Na opinião dos analistas consultados pela Lusa, essa ordem internacional, vibrante ao longo dos anos 90, está a ser hoje desafiada pelas ineficiências do ocidente no domínio da segurança, mas também poder crescente de potências que não subscrevem a visão liberal -- com a Rússia à cabeça.
"De certa maneira, as democracias estão mais viradas para dentro - há um ressurgimento dos movimentos nacionalistas e populistas nos Estados Unidos e nos maiores países europeus, que torna difícil a capacidade para manter e defender essa ordem democrática internacional", sublinha Carlos Gaspar.
"É um facto que as forças liberais estão em recuo em todo o mundo e as forças anti-liberais estão em ascensão.

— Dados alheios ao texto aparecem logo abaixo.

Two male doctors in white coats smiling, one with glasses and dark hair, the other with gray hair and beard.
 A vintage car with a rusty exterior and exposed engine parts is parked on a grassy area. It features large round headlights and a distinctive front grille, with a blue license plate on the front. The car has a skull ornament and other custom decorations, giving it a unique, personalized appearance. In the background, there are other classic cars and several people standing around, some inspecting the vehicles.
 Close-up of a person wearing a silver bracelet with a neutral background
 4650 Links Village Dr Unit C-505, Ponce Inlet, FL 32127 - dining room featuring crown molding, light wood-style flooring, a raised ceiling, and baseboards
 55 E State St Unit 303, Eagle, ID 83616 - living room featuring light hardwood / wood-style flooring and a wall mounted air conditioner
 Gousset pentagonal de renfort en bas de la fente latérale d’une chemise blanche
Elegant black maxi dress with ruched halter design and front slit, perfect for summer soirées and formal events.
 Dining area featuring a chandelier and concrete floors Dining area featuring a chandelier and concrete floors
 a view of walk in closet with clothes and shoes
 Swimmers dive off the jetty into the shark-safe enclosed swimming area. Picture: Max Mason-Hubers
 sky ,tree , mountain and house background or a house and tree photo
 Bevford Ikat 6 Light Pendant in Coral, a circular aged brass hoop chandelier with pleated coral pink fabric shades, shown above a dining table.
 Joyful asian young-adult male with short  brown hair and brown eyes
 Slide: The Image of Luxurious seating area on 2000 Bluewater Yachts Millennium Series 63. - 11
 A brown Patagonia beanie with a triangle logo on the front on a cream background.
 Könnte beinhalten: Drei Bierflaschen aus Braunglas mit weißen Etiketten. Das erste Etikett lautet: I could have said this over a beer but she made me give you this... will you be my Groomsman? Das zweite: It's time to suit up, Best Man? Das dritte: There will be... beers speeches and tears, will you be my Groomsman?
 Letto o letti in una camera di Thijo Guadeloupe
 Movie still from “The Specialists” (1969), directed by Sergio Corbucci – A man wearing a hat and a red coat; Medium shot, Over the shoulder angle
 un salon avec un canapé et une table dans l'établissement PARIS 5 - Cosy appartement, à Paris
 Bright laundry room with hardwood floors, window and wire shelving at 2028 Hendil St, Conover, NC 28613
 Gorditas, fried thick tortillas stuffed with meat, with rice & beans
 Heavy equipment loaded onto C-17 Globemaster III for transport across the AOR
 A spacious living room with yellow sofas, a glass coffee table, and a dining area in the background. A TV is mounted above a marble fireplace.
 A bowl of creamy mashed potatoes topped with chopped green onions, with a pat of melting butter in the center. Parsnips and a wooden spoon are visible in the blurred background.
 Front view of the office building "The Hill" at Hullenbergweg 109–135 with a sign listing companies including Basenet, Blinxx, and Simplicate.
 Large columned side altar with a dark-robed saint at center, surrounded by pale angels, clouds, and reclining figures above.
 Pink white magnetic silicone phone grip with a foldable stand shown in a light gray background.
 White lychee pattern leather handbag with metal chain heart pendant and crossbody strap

Essa é hoje uma questão mais fundamental em termos de segurança do que o que vai acontecer com o terrorismo", acrescenta Anthony Dworkin.
"A crise financeira americana, a performance económica da China, a Primavera Árabe e o revisionismo agressivo do Presidente russo, Vladimir Putin, na Europa, associados à má gestão dos pós-guerras no Afeganistão e no Médio Oriente, expuseram os limites do poder dos Estados Unidos e aceleraram uma certa perceção do declínio do ocidente", concorda Bernardo Pires de Lima, também investigador do IPRI.
"Predomínio da agenda de segurança não se traduziu em resultados significativos na segurança global"
E como "os Estados Unidos encabeçam um ocidente triunfal do pós-Guerra Fria, todos os fracassos e sinais negativos com epicentro norte-americano, seja nas forças armadas, na política externa ou na praça financeira, como aconteceu por exemplo com a queda do Lehman em 2008, têm um impacto importante na ordem internacional", sublinha o mesmo analista.
Como diz Francisco de Borja Lasheras, investigador nos escritórios de Madrid do ECFR, se o 11 de setembro impôs a agenda da segurança a nível mundial, a verdade é que "este absoluto predomínio da agenda de segurança não se traduziu em resultados significativos na segurança global e do Médio Oriente em particular. Pelo contrário, a situação deteriorou-se fortemente".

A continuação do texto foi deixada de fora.